Segment Start: Source data

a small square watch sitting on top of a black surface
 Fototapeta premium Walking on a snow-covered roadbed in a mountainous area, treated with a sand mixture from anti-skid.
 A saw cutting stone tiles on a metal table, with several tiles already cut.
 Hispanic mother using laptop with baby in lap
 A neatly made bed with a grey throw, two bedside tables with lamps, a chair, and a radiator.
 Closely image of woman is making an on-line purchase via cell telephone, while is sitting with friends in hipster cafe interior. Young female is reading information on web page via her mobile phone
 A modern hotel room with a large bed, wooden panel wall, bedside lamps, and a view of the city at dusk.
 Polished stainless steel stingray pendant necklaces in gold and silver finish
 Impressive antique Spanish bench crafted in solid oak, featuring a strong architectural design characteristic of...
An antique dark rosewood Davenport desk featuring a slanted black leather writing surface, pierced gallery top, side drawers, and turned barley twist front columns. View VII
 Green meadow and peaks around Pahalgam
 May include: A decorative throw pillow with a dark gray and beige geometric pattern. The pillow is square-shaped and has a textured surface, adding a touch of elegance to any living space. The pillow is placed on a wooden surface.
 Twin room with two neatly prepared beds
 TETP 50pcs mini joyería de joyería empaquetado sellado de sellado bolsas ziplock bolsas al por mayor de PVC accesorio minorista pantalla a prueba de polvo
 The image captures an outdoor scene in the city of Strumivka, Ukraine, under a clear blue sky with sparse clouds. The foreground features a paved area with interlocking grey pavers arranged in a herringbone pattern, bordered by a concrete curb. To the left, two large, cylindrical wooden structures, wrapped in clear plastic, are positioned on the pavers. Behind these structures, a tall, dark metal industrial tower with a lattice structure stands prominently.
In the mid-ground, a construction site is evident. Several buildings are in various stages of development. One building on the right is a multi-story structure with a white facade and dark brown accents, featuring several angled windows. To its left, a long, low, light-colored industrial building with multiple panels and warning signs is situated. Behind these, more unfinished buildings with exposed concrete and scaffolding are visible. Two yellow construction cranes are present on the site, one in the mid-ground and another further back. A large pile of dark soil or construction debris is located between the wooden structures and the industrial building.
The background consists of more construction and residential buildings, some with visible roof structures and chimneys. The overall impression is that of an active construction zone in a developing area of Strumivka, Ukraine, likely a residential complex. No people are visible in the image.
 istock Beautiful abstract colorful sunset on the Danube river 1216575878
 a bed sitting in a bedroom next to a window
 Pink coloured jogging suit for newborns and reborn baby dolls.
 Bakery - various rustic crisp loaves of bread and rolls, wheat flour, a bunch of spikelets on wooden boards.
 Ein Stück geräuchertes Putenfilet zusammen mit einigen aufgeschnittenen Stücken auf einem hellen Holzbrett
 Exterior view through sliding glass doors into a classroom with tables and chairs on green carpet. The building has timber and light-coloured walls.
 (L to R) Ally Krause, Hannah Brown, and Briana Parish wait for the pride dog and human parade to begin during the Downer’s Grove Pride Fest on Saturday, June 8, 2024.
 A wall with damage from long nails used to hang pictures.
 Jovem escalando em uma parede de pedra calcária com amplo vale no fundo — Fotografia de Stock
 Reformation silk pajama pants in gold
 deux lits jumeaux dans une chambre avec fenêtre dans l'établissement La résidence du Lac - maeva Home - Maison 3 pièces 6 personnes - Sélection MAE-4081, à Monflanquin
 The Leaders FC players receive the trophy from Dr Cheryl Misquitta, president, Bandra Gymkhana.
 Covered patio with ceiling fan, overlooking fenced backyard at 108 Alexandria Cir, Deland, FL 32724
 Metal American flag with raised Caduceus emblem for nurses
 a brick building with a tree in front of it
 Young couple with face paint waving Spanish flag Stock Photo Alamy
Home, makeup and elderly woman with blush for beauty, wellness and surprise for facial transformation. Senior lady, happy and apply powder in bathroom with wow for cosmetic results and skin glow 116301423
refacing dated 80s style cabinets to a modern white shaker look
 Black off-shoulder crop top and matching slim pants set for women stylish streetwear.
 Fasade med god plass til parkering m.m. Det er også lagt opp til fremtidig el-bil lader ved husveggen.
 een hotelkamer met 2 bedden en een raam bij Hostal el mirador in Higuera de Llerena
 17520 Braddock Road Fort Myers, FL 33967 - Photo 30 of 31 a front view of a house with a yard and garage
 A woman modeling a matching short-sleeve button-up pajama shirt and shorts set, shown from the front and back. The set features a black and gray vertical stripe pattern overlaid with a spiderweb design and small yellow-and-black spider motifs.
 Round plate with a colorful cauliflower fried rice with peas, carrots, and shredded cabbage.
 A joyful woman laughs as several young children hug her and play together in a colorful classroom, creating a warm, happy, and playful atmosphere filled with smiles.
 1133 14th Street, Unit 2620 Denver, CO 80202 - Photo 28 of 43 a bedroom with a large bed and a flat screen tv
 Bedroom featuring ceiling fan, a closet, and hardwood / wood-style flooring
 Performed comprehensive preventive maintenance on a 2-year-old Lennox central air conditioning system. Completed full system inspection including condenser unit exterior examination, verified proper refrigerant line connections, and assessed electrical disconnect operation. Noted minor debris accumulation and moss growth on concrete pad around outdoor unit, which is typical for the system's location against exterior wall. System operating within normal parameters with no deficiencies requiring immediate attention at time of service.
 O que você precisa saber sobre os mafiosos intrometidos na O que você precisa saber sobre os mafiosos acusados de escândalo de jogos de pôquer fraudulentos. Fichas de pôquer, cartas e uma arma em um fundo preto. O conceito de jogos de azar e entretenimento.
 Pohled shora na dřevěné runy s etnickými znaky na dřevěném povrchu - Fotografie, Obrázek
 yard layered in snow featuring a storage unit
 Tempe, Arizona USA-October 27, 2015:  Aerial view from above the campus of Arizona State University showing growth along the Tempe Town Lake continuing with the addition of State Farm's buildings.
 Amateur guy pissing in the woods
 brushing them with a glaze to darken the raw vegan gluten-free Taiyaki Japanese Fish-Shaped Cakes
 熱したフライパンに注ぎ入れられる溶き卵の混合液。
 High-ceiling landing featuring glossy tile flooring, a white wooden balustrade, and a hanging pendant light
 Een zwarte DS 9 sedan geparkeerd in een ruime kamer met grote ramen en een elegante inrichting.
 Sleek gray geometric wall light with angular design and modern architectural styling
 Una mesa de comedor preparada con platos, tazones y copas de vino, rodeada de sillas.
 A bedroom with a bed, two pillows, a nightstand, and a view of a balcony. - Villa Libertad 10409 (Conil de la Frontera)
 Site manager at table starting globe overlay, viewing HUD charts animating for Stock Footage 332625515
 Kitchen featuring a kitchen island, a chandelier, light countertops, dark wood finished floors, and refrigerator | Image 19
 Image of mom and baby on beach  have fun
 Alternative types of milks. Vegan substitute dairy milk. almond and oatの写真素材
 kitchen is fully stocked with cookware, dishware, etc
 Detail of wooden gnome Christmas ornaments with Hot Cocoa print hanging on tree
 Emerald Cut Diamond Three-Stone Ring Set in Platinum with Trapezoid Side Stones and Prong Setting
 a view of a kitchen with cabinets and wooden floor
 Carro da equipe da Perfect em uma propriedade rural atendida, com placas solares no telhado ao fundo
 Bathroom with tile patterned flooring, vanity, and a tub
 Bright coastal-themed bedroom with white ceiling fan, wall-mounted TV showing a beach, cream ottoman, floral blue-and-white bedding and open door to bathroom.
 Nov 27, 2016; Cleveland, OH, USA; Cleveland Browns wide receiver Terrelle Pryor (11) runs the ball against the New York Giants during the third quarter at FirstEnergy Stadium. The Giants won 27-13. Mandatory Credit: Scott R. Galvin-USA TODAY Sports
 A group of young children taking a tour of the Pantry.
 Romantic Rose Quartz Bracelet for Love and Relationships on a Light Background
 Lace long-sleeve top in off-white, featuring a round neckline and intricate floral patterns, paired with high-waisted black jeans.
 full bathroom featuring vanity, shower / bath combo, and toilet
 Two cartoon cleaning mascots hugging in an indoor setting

Segment End: Source data

■ **Exercise details**
Once you find the line with "brushing them with" in the entries above, output it and each line after it up to and including the line with "a view of a kitchen", and nothing else.

■ **Result below**
 brushing them with a glaze to darken the raw vegan gluten-free Taiyaki Japanese Fish-Shaped Cakes
 熱したフライパンに注ぎ入れられる溶き卵の混合液。
 High-ceiling landing featuring glossy tile flooring, a white wooden balustrade, and a hanging pendant light
 Een zwarte DS 9 sedan geparkeerd in een ruime kamer met grote ramen en een elegante inrichting.
 Sleek gray geometric wall light with angular design and modern architectural styling
 Una mesa de comedor preparada con platos, tazones y copas de vino, rodeada de sillas.
 A bedroom with a bed, two pillows, a nightstand, and a view of a balcony. - Villa Libertad 10409 (Conil de la Frontera)
 Site manager at table starting globe overlay, viewing HUD charts animating for Stock Footage 332625515
 Kitchen featuring a kitchen island, a chandelier, light countertops, dark wood finished floors, and refrigerator | Image 19
 Image of mom and baby on beach  have fun
 Alternative types of milks. Vegan substitute dairy milk. almond and oatの写真素材
 kitchen is fully stocked with cookware, dishware, etc
 Detail of wooden gnome Christmas ornaments with Hot Cocoa print hanging on tree
 Emerald Cut Diamond Three-Stone Ring Set in Platinum with Trapezoid Side Stones and Prong Setting
 a view of a kitchen with cabinets and wooden floor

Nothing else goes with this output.